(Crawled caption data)
────────

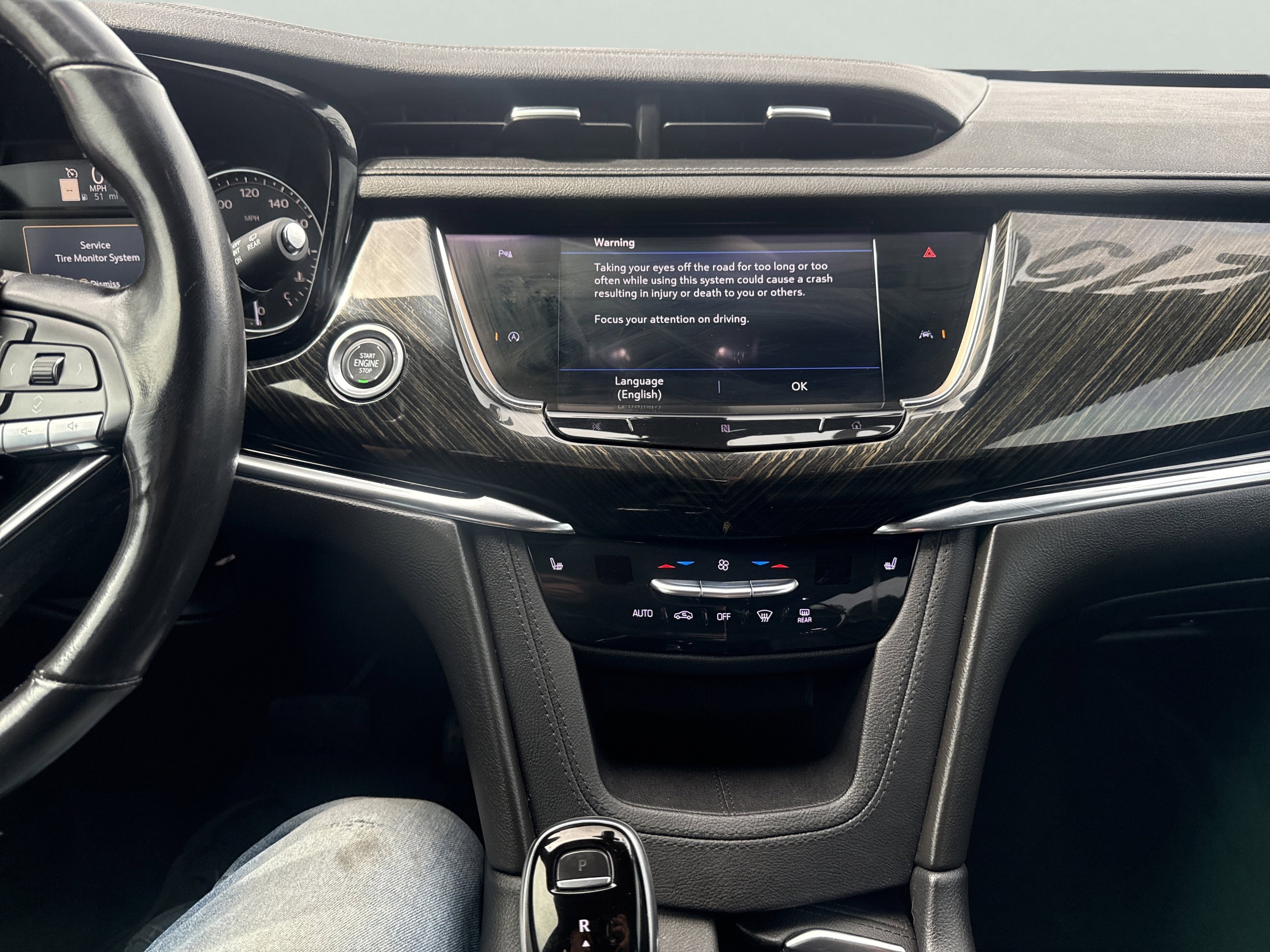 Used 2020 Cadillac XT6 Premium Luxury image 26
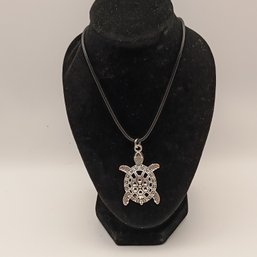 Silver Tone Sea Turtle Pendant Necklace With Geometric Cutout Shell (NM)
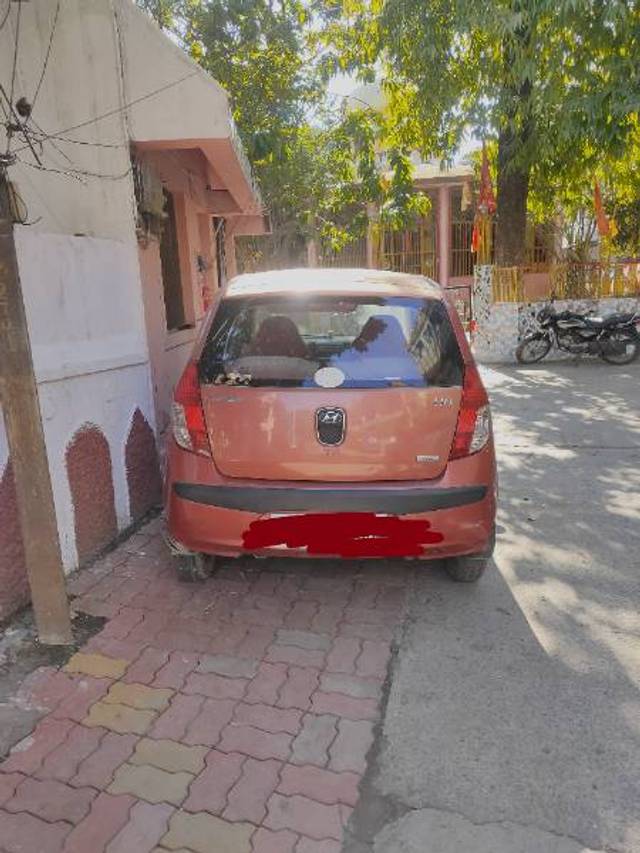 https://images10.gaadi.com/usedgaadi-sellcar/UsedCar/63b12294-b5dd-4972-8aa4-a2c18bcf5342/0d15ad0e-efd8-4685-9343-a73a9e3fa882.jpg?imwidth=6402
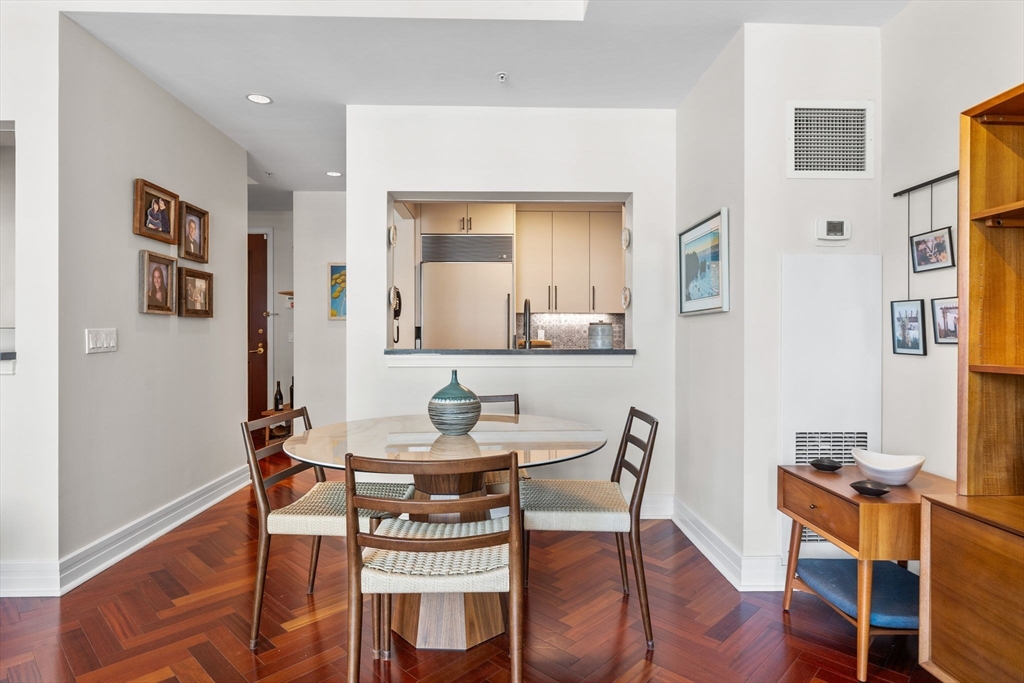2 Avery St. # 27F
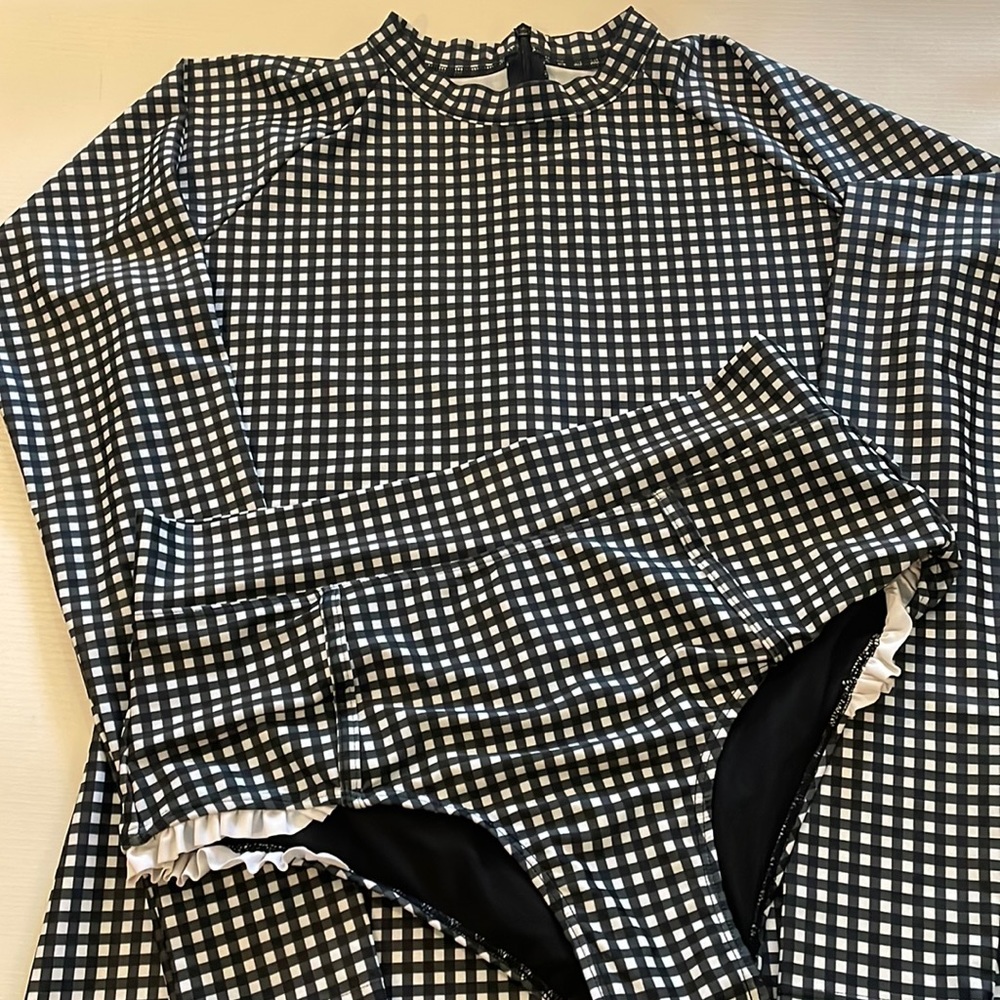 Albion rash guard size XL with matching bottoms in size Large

────────

WHAT TO DO: The job here is to retype the data exactly, with no pictures included.

RESPONSE BELOW:
 Used 2020 Cadillac XT6 Premium Luxury image 26
 Silver Tone Sea Turtle Pendant Necklace With Geometric Cutout Shell (NM)
 https://images10.gaadi.com/usedgaadi-sellcar/UsedCar/63b12294-b5dd-4972-8aa4-a2c18bcf5342/0d15ad0e-efd8-4685-9343-a73a9e3fa882.jpg?imwidth=6402
2 Avery St. # 27F
 Albion rash guard size XL with matching bottoms in size Large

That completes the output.